Task item ▸ Please return the listing exactly as written, but without its pictures.

Data segment ▸
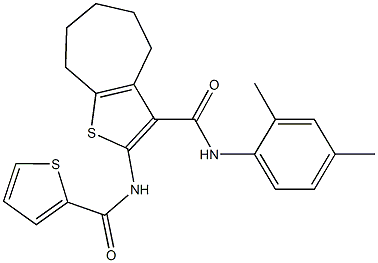 N-(2,4-dimethylphenyl)-2-[(2-thienylcarbonyl)amino]-5,6,7,8-tetrahydro-4H-cyclohepta[b]thiophene-3-carboxamide 结构式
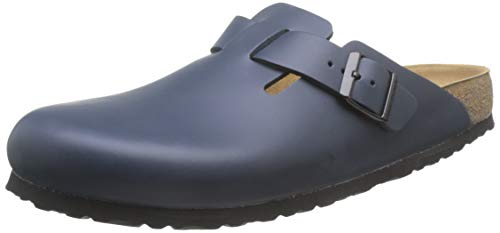 Birkenstock Boston, Zuecos de piel natural Unisex, Azul, 42 EU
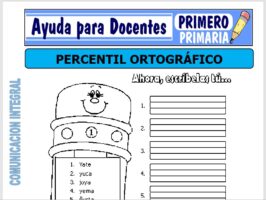 Modelo de la Ficha de Actividades de Percentil Ortográfico para Primero de Primaria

Output below ▸
 N-(2,4-dimethylphenyl)-2-[(2-thienylcarbonyl)amino]-5,6,7,8-tetrahydro-4H-cyclohepta[b]thiophene-3-carboxamide 结构式
 Birkenstock Boston, Zuecos de piel natural Unisex, Azul, 42 EU
 Modelo de la Ficha de Actividades de Percentil Ortográfico para Primero de Primaria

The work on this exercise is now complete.